Twenty years later, in July 2013, I find myself in Brazil for a computer science conference- one step nigher to spotting the piranha from close quarters! Whenever I think of South America, I think of the Amazonas. One, for the movie ‘Piranhas’ and the other, my childhood fascination for a not-so-well-known adventure game from Sierra Entertainment called Ecoquest 2: The Lost Secret of the Rainforest.
Coming to Brazil instantly meant a chance to venture into the Amazonian rainforest. The Amazonas stretch up to 5.5 million square kilometers, spanning countries such as Brazil, Peru, Colombia, Venezuela, Ecuador, Bolivia, Guyana, Suriname and French Guiana. It’s more than the half of Europe. Amazonas is mostly unchartered and its mysteries lie beneath a thick green canopy.
GETTING TO THE AMAZONAS
Rio de Janeiro is a popular hub for arrivals to Brazil. We decided to fly to Manaus, Amazonas from Rio.

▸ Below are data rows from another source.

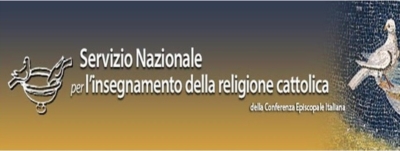 CEI Servizio Nazionale per l'IRC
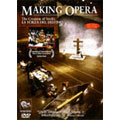 Making Opera-Verdi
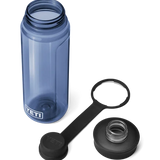 Vattenflaska Yonder Tether 750ML - Navy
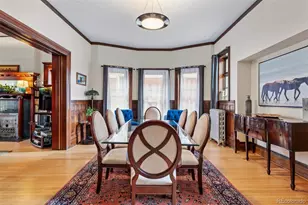 1437 Columbine St, Denver, CO 80206 - Photo 10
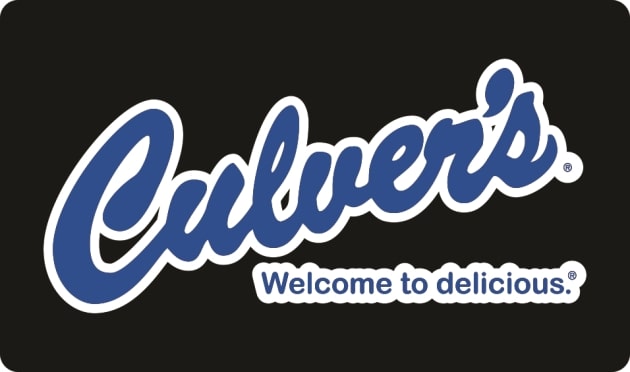 Weight Watchers Points Culver's Patch Nutrition Information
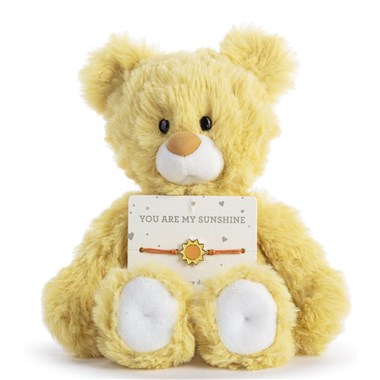 you_are_my_sunshine_Demdaco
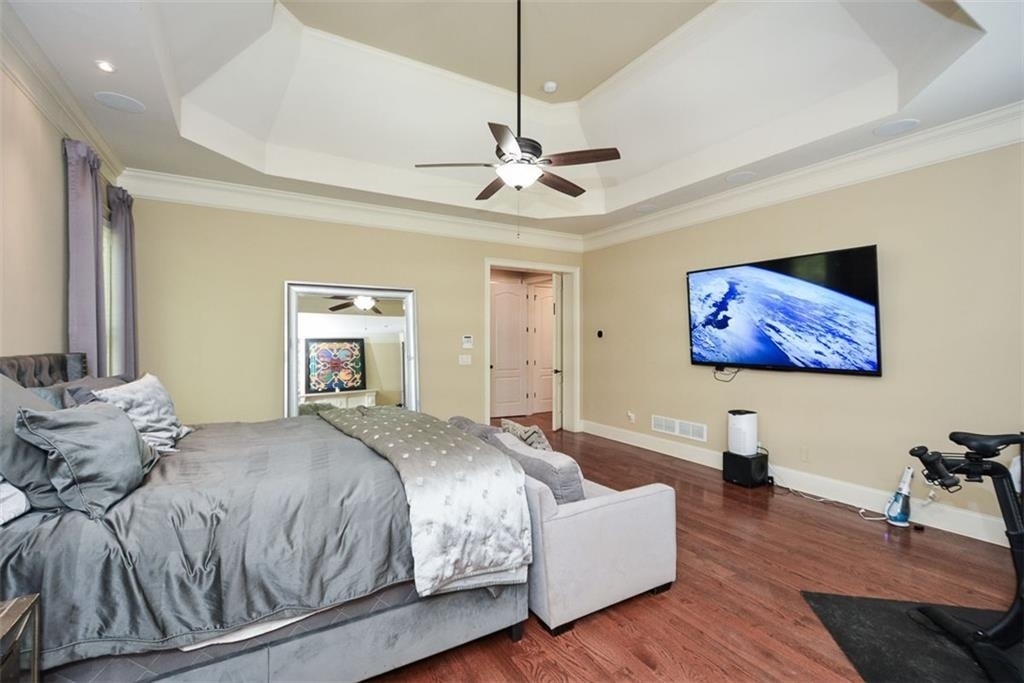 2210 Spalding Drive - Photo 43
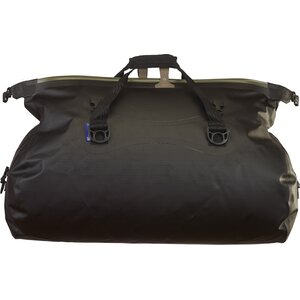 Watershed Colorado Waterproof Duffel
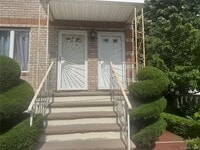 Building Photo - 15649 76th St Unit 2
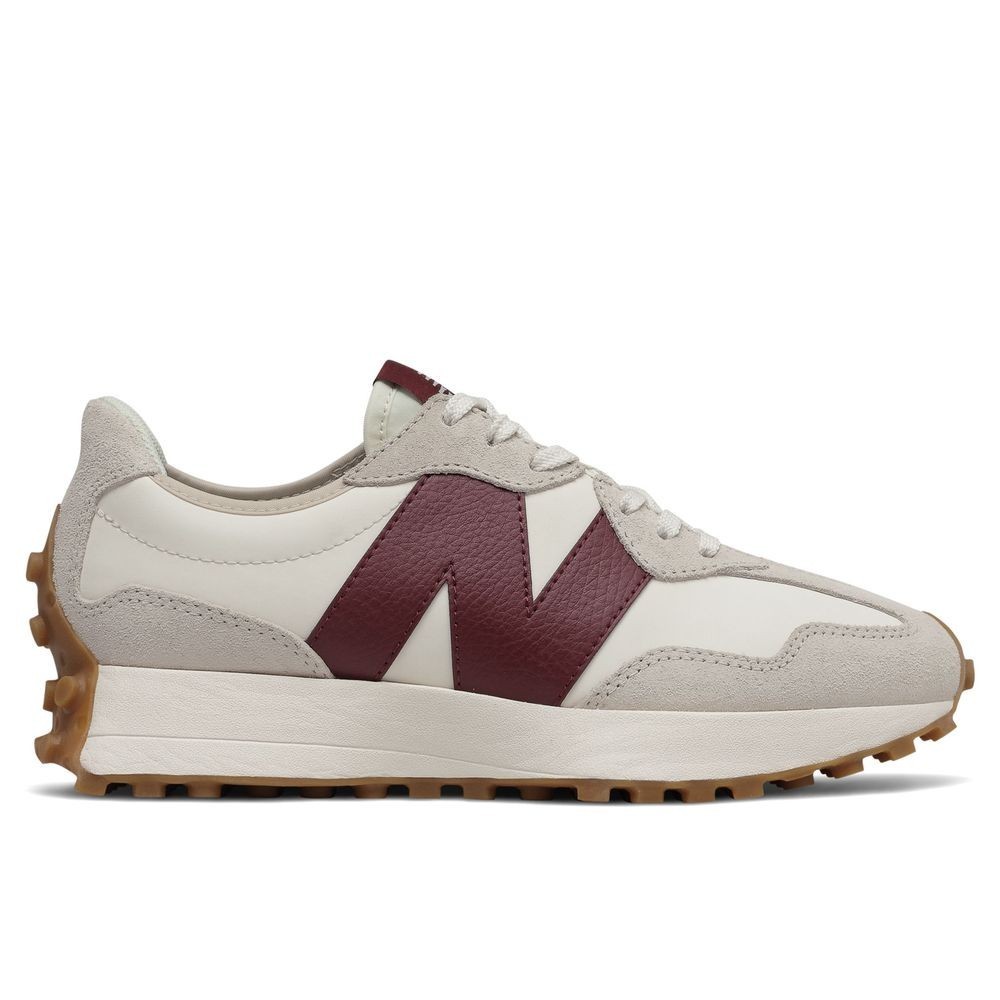 新品27cm・NewBalance×JOURNALSTANDARD MRL996 New Balance スニーカー 「NEW BALANCE/ニューバランス」 996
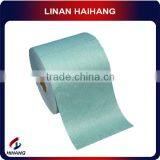 China Manufacturer Wholesale Multi Function Industrial Blue Cleaning Cloth thumbnail-3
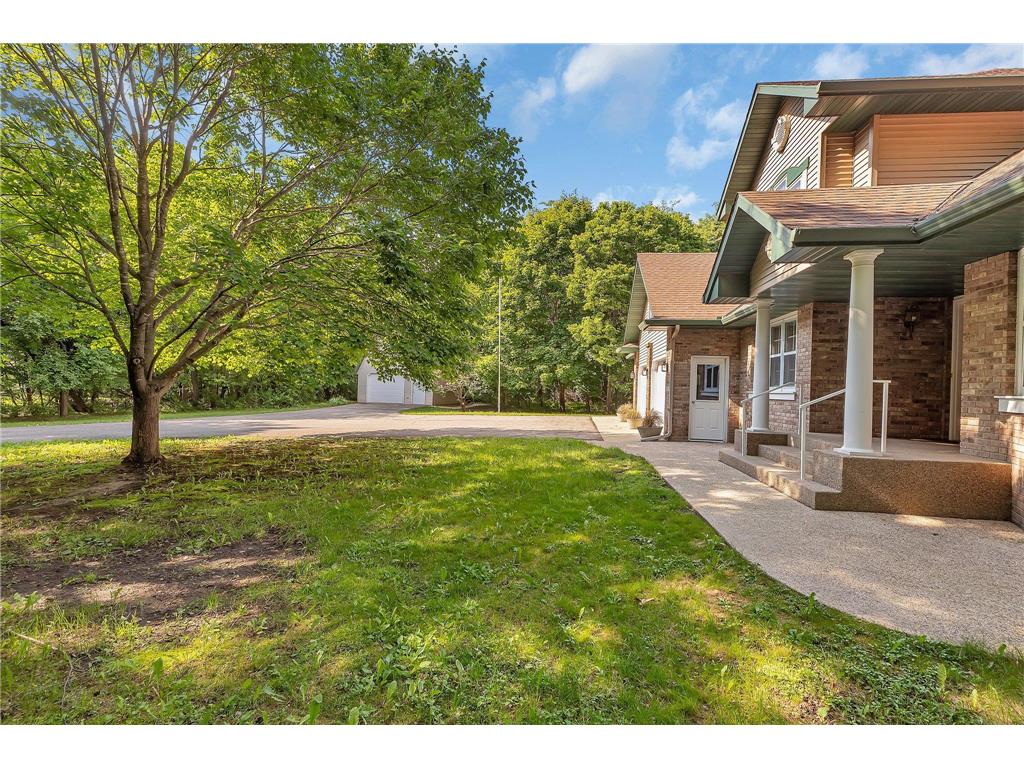 14856 Old Lake Road Paynesville MN 56362 6734283 image50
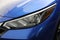 2023 Nissan Sentra 1.8 Sense At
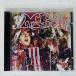 ͢ MC5/KICK OUT THE JAMS/ELEKTRA 7559-74042-2 CD 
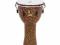 TOCA DJEMBE TF2DM-10GM GOLD MASK- Sklep Wwa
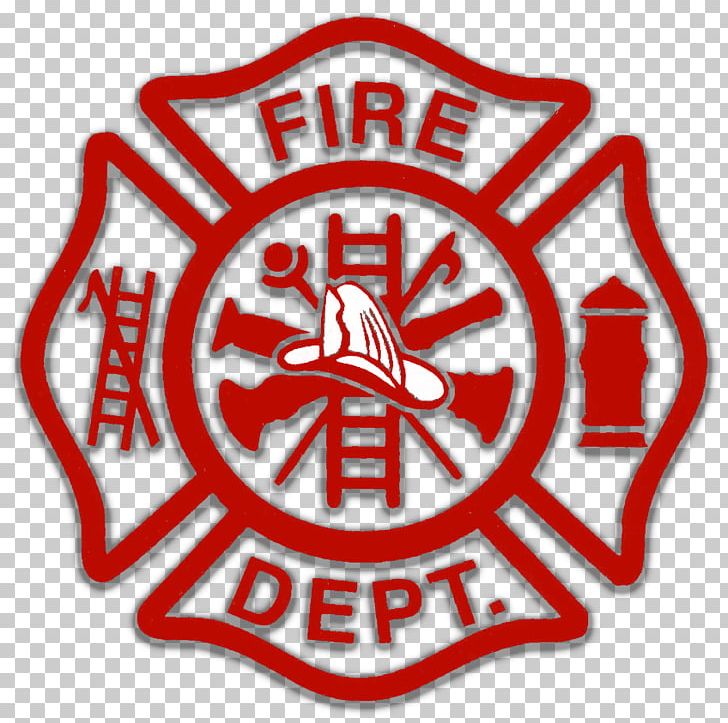 Firefighter Fire Department Logo PNG, Clipart, Ambulance, Area, Brand, Decal, Fire Free PNG Download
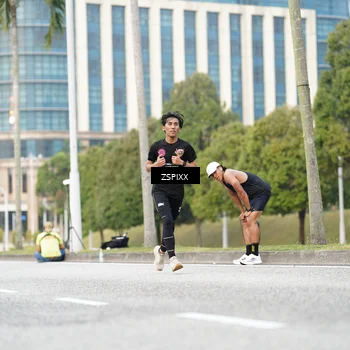 Runner Photo 6373542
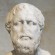 Pittacus of Mytilene - thumbnail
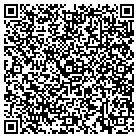 QR code with Josiah Guild & Sons Corp contacts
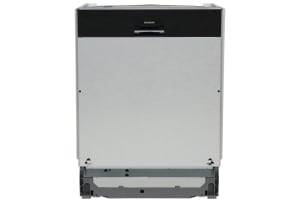 v1635428573/productvergelijker/VAATW/ic16011-1283-00_01-1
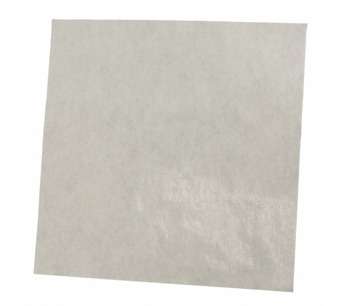 H48-6C-150-150-0.5-2A Image.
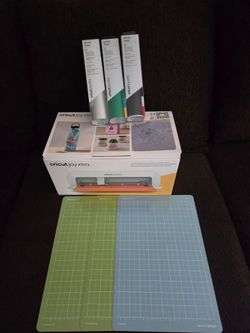Cricut Joy Xtra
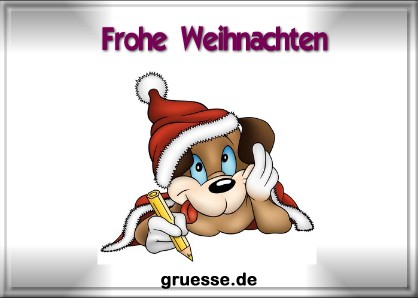 grusskarte-festtage-weihnachten-comic-b_047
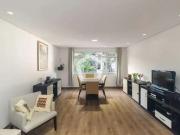 Apartamento para Venda em São Paulo/SP Perdizes 3 Quartos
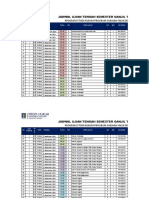 2021-10-21-Jadwal UTS-2021-2022 - Jadwal Ujian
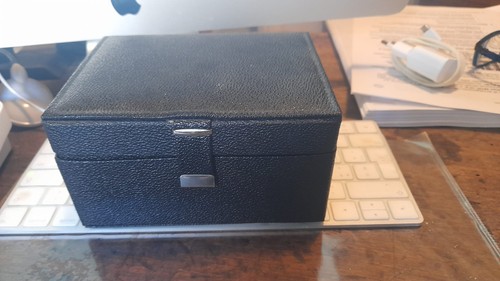 Technics head block 2r2r - technics,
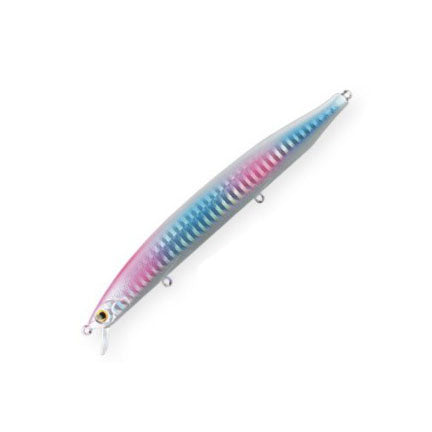 Морски воблер NOMURA YORI - 13cm/17gr - floating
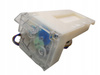 DAMPER DO LODÓWKI WHIRLPOOL WH SP70 T121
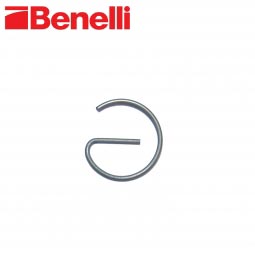 Benelli M4 Retaining Spring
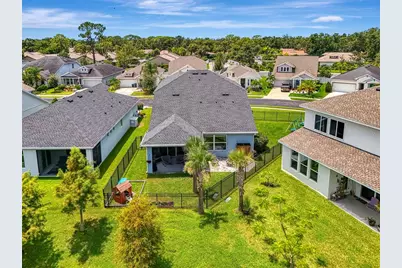 5523 Spanish Moss Cove, Bradenton, FL 34203 - Photo 47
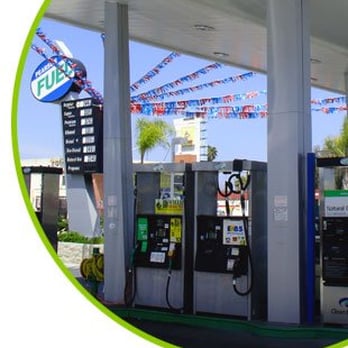 Pearson Fuels - All the alt fuels together under one roof. Yes, it's true. - Gas Stations Near Me - San Diego, California Pearson Fuels - All the alt fuels together under one roof. Yes, it's true. - Gas Stations Near Me - San Diego, California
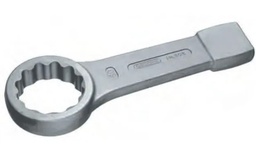 GENERIC CLE A FRAPPER 36MM ESTMAN [1020036]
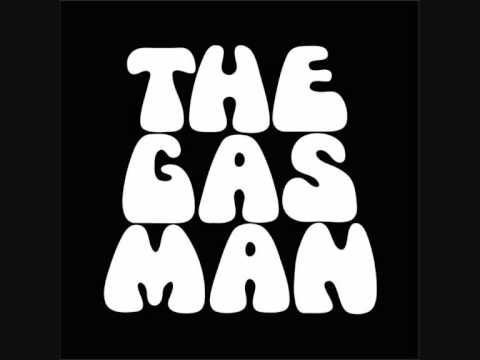 The Gasman - Auroral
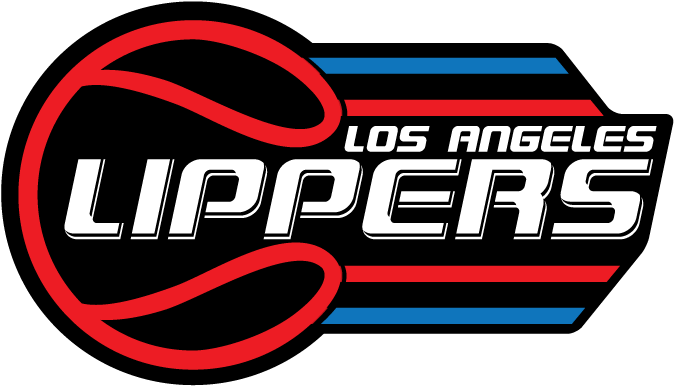 Elegant, Playful Logo Design For Designcrowd In Australia - Automotive Decal (1200x1000), Png Download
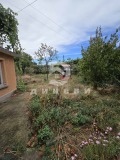 Продава КЪЩА, област Стара Загора, гр. Павел баня • 112484 € • 63377618 — Holmes.bg
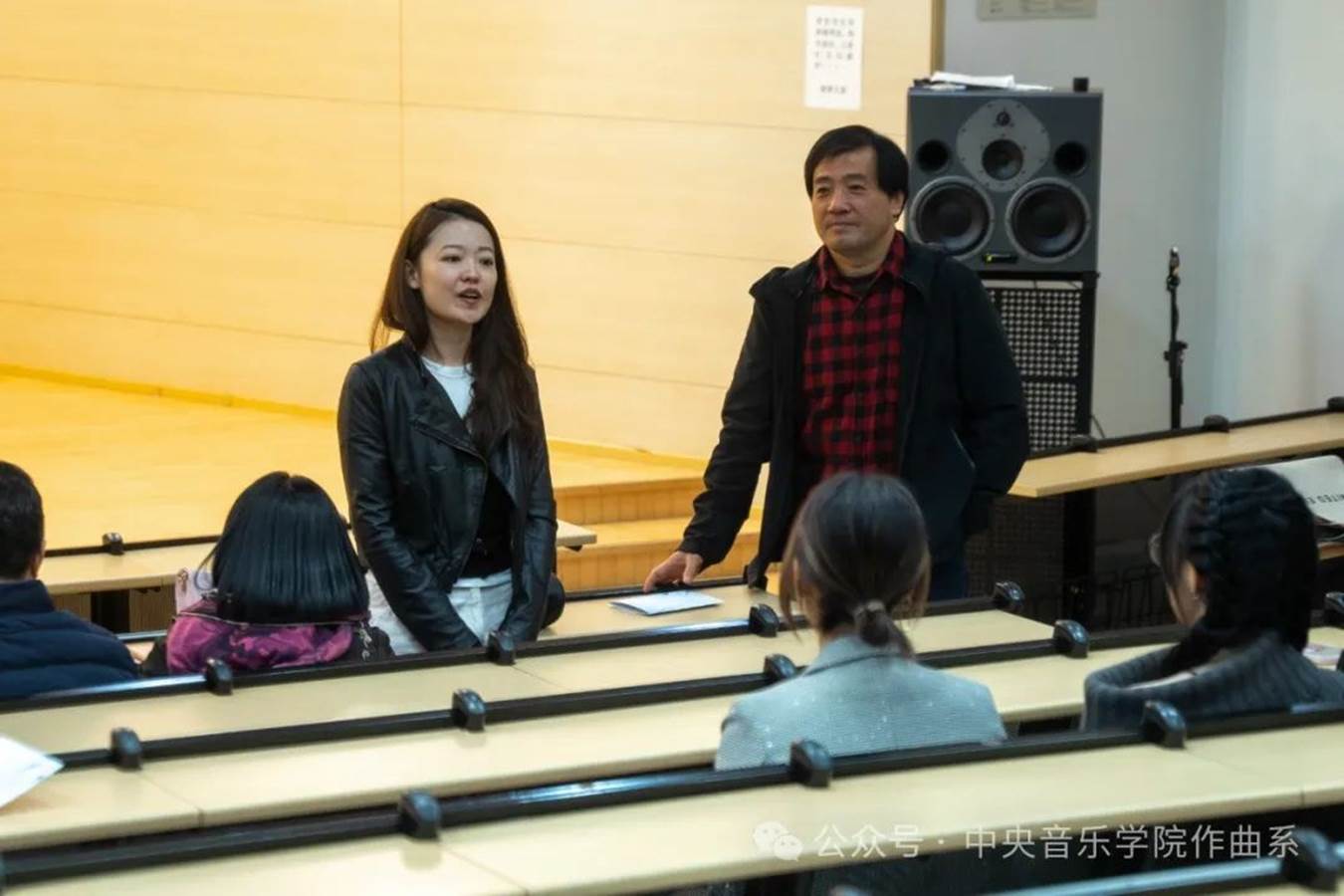 https://mmbiz.qpic.cn/sz_mmbiz_jpg/CZf23wichcjE9G9cTe88fQxdEwCJdgSKiayaSAPmPjdylKL8O4ICNmnS3WJKWhbBw8BWtoSqol9QVesGg5pTur5w/640?wx_fmt=jpeg&from=appmsg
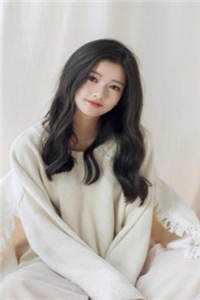 秋风再无负人心篇章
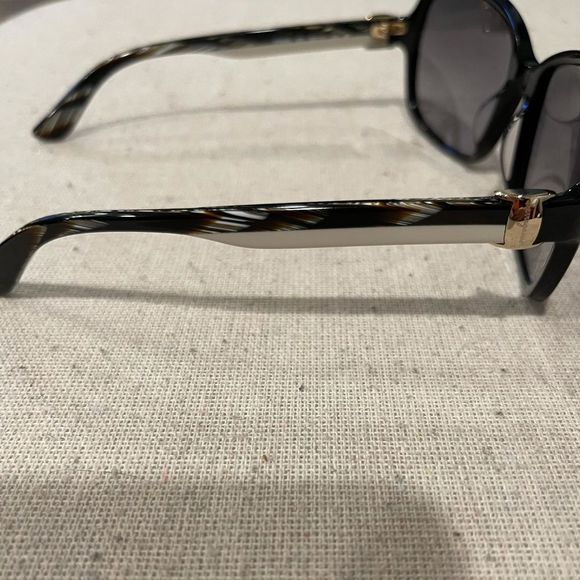 Salvatore Ferragamo Sunglasses AUTHENTIC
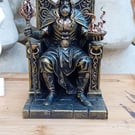 Belenus - Celtic Sun and Healing God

As far as lodging was concerned, we looked up a trip advisor and zeroed in on a company Amazon Gero Tours. Our modest choice for lodging, food and activities cost us 600 BRL (270 USD) for 4 days and 3 nights in a hammock. On arrival, we were picked up at the airport and taken to Ararinha Jungle Lodge, about 100 km south of Manaus. The trip to the lodge itself is fascinating- a boat ride from Rio Negro to the Amazon river. Followed by a one hour long bus ride, and then again a canoe ride in dense forests to Paraná do Mamori.
THE PIRANHA-FISHING EXPERIENCE
Eco-tourism in the Amazon involves a wide range of activities including spending a night in the jungle, spotting/swimming with pink dolphins, bird watching and jungle treks, to name a few. Nevertheless, fishing for Piranhas is one of the most unique experiences you can have in the Amazonas. Osmar and Fabiano, our jungle guides, took us to a shady lagoon on the Mamori lake. They called it the ‘Piranha Place’ and asked us promptly: “Who wants to swim?”.
Of course everyone on the boat had seen the movie and preferred staying dry. Osmar handed us a bag of bait, essentially small chunks of raw meat and a fishing rod with a hook. The technique to catch piranhas is to stick a small piece of meat to the hook, perturb the water with the fishing rod and drop the hook. One must ensure that the fishing cord is tense and not loose. When piranhas start nibbling on the meat, one must be able to sense the vibrations in the fingers and give a jerk to hook the piranha.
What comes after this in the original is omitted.